§ **EXERCISE**
Without including any image, retype the records word for word.

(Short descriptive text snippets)
"""
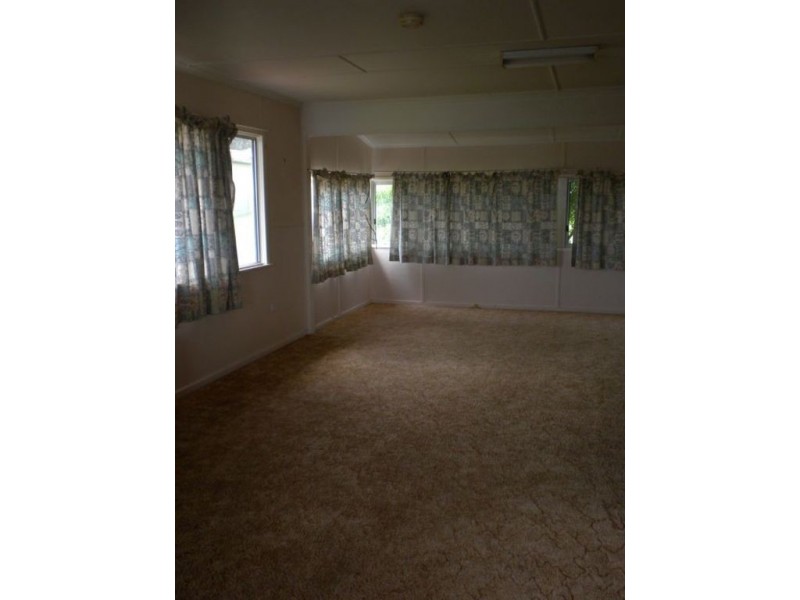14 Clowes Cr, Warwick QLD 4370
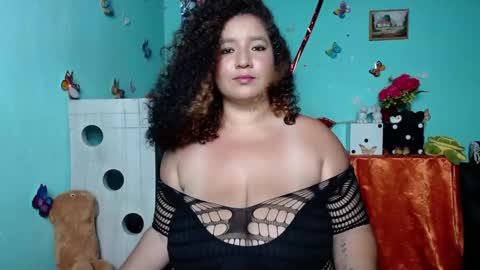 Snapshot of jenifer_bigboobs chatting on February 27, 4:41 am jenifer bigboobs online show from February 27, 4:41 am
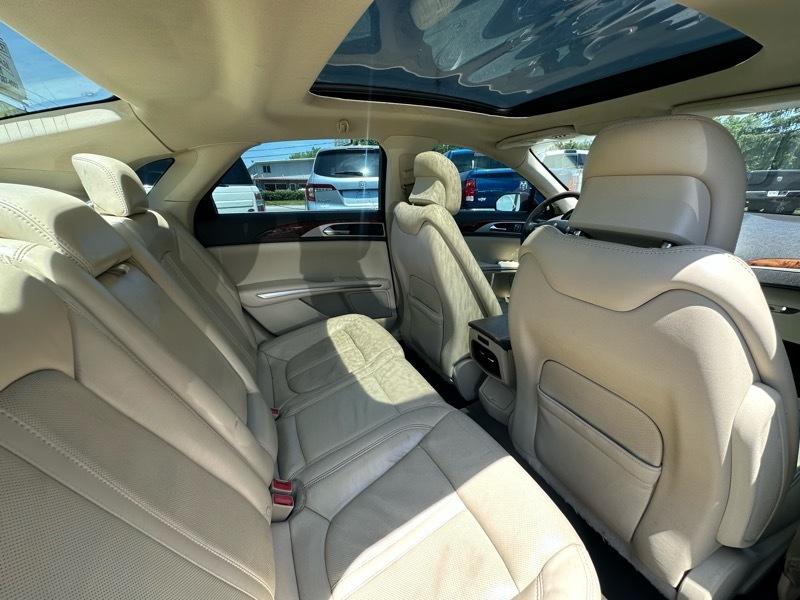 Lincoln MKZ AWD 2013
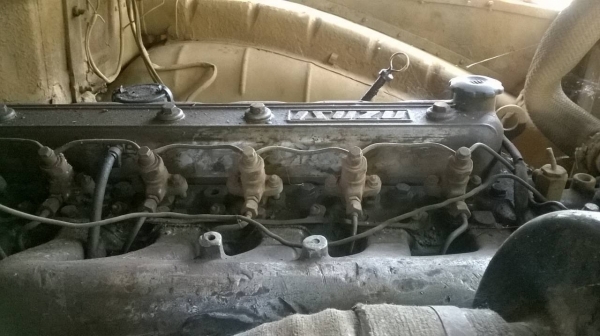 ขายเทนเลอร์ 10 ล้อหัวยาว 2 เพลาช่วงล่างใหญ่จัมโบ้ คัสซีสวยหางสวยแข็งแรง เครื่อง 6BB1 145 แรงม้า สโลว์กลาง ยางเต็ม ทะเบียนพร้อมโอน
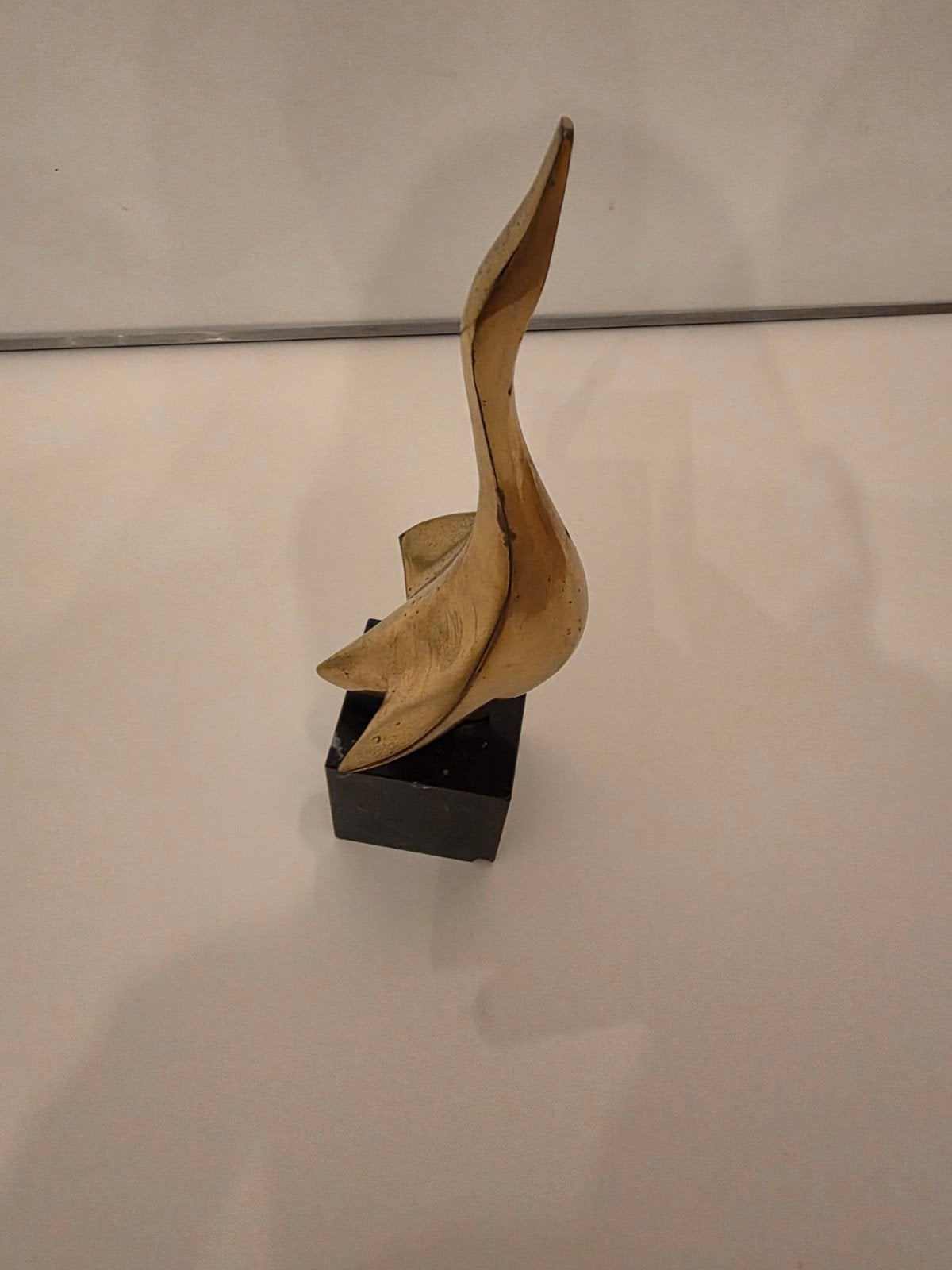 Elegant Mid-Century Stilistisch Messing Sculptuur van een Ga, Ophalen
"""
§ **RESULT OF THE EXERCISE**
14 Clowes Cr, Warwick QLD 4370
 Snapshot of jenifer_bigboobs chatting on February 27, 4:41 am jenifer bigboobs online show from February 27, 4:41 am
 Lincoln MKZ AWD 2013
 ขายเทนเลอร์ 10 ล้อหัวยาว 2 เพลาช่วงล่างใหญ่จัมโบ้ คัสซีสวยหางสวยแข็งแรง เครื่อง 6BB1 145 แรงม้า สโลว์กลาง ยางเต็ม ทะเบียนพร้อมโอน
 Elegant Mid-Century Stilistisch Messing Sculptuur van een Ga, Ophalen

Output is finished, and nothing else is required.